Task instructions
Transcribe the records below from the first line to the line that includes "A white building", inclusive, and omit the pictures.

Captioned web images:
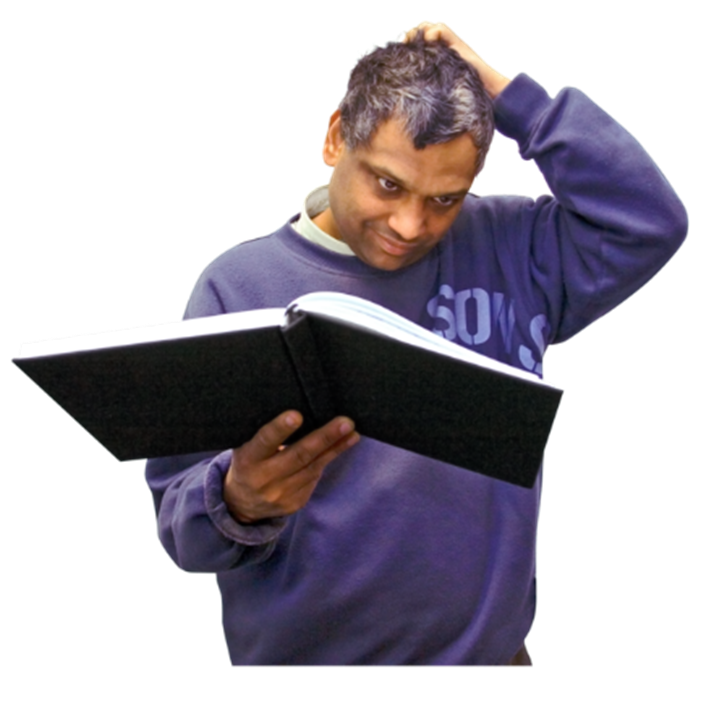 A person holding an open book and looking distracted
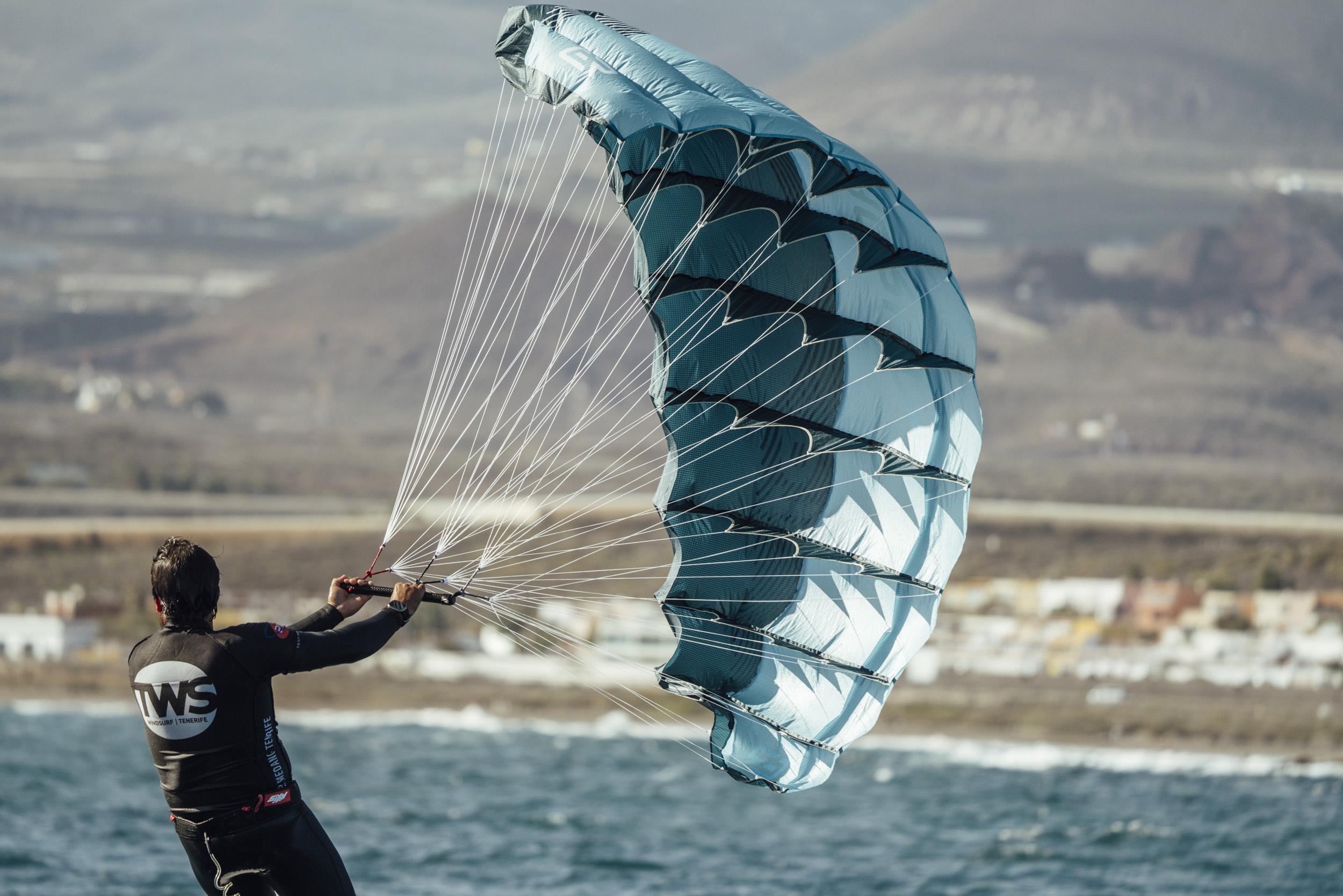 Parawing foiler riding past dramatic volcanic cliffs with an Aeryn P1 wing
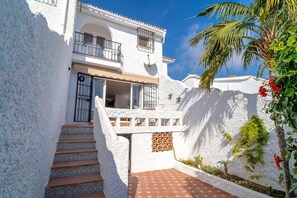 A white building with a balcony, steps leading to the entrance, and a small garden area with a palm tree. - Villa in Nerja Near Burriana Beach (Nerja)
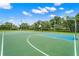 Community basketball court featuring well-maintained surfaces, hoops, and ample space for games and recreational activities at 2524 Tuttle Way, Sarasota, FL 34239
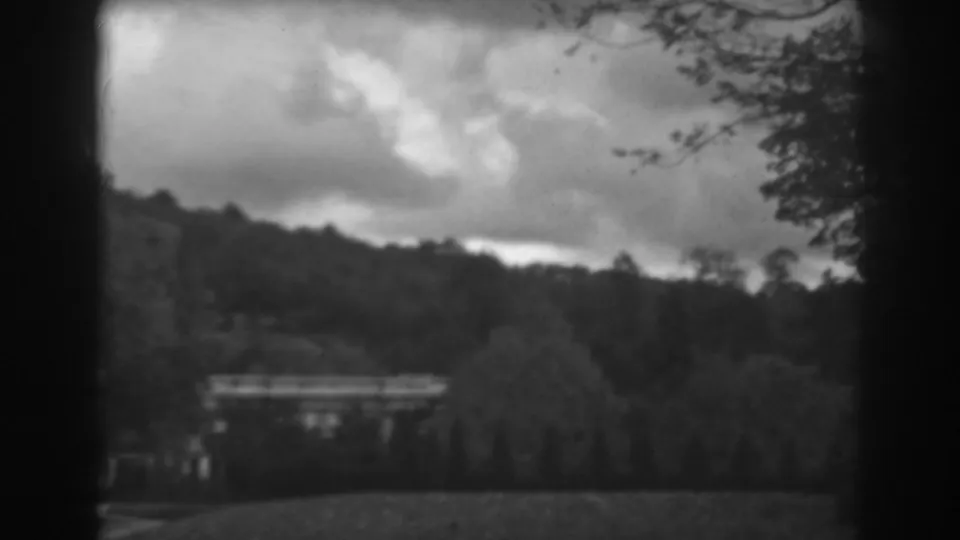 The view shifts to a wooded hillside near Winchester, Maryland, with a sloping lawn, tree line, and heavy clouds in 1938 8mm footage.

Solution
 A person holding an open book and looking distracted
 Parawing foiler riding past dramatic volcanic cliffs with an Aeryn P1 wing
 A white building with a balcony, steps leading to the entrance, and a small garden area with a palm tree. - Villa in Nerja Near Burriana Beach (Nerja)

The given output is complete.